A principal preocupação ouvida pelo Valor no mercado é que
suas ideias econômicas, pelo que tudo indica, são bem diferentes do paradigma
em que opera a política monetária, não só no Brasil, mas também nas economias
avançadas.
Desde que entrou no governo, Galípolo tem
sido moderado nas críticas ao Banco Central. Ele reconheceu, por exemplo, o
direito do presidente Lula de fazer cobranças sobre a política monetária. Mas,
por outro lado, tem destacado que, no fim, essa é uma decisão na alçada dos membros
do Copom, um gesto de respeito à autonomia do órgão. Caberia à area econômica
criar condições, na política fiscal, para o BC cortar os juros. Nos seus
pronunciamentos, ele tem sido sutil ao ponto de não fazer uma ligação direta e
mecânica entre a política fiscal e monetária. Numa live do UOL, por exemplo,
destacou um canal em que a política fiscal influencia a monetária: os preços de
ativos, como o dólar e a curva de juros.
Os pronunciamentos mais recentes parecem,
em muitos aspectos, os de um banqueiro central, embora ele não seja reconhecido
com quem tem as qualificações para ser um deles, como conhecimento teórico e
prático de política monetária ou sobre o funcionamento do mercado. Mas não
seria o primeiro - Henrique Meirelles, que antes de assumir o BC era um
banqueiro, supriu as lacunas cercando-se de técnicos competentes nessas áreas.

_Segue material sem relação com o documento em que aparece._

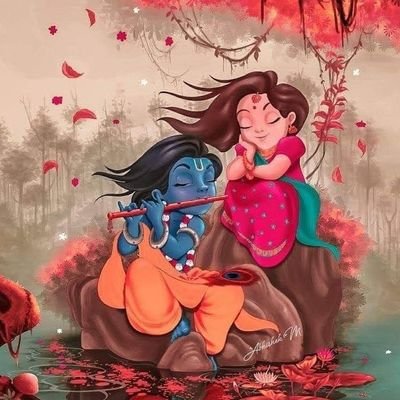 GKGaneshDr Profile Picture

O que preocupa é o que ele disse e escreveu
num passado não tão distante. Em 2021, no podcast “Direito e Economia”,
Galípolo faz uma crítica bem elaborada da ortodoxia econômica. Vale ouvi-lo na
íntegra para entender, sem recortes, um pouco da formação intelectual do
candidato a presidente do BC.
Ele faz sérias restrições ao tratamento da
economia como uma ciência natural e, discorre, por exemplo, sobre os modelos de
projeção econômica - que são ponto de partida para qualquer análise feita pelo
Copom e pelos BCs modernos. “Os modelos econômicos são úteis como uma
contabilidade do passado”, disse. “Por isso há tantos vexames nas projeções.”
Os ortodoxos, em geral, também reconhecem
as limitações dos modelos. Os BCs tomam decisões com uma boa dose de
julgamento. E não há essa visão ingênua de que economia é uma ciência natural.
Mas, ao fazer terra arrasada das ferramentas analíticas usadas pelos BCs,
Galípolo dissemina receios de que possa se inclinar a fórmulas não ortodoxas
rejeitadas pelo mercado financeiro.
Há menos de um ano, seu nome apareceu na
equipe de especialistas do Núcleo Economia Econômica do Cebri que fez o
documento “Diretrizes de Políticas Públicas para 2023”, coordenado por Lara
Resende. Um dos capítulos desse trabalho defende, basicamente, a adoção de uma
política monetária na linha do MMT e do controle da curva de juros futuros. Se
fosse levado adiante, significaria abandonar o regime de metas de inflação para
adotar uma linha monetária alternativa. Não se sabe, ao certo, o quanto
Galípolo compartilha das propostas descritas no documento, que foi feito a
muitas mãos - embora não possa negar a co-autoria de um documento que assinou.
O Valor procurou
o secretário, mas não teve resposta.